Data provided>
━━━━━━━━━━━━━━━━━━━━

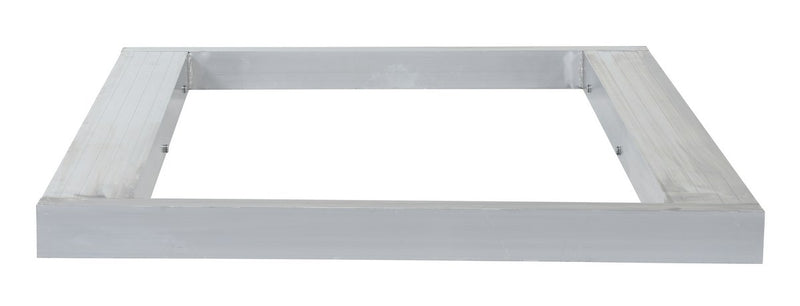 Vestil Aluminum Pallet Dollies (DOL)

━━━━━━━━━━━━━━━━━━━━

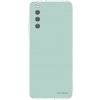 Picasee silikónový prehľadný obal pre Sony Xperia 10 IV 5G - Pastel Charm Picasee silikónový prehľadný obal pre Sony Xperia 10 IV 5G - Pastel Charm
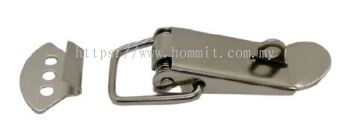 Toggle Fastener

━━━━━━━━━━━━━━━━━━━━

Problem description> What you return must match the lines above from the one with "Pastel Charm Picasee" through the one with "Toggle Fastener" exactly, with both ends included and the pictures excluded.

Exercise answer>
 Picasee silikónový prehľadný obal pre Sony Xperia 10 IV 5G - Pastel Charm Picasee silikónový prehľadný obal pre Sony Xperia 10 IV 5G - Pastel Charm
 Toggle Fastener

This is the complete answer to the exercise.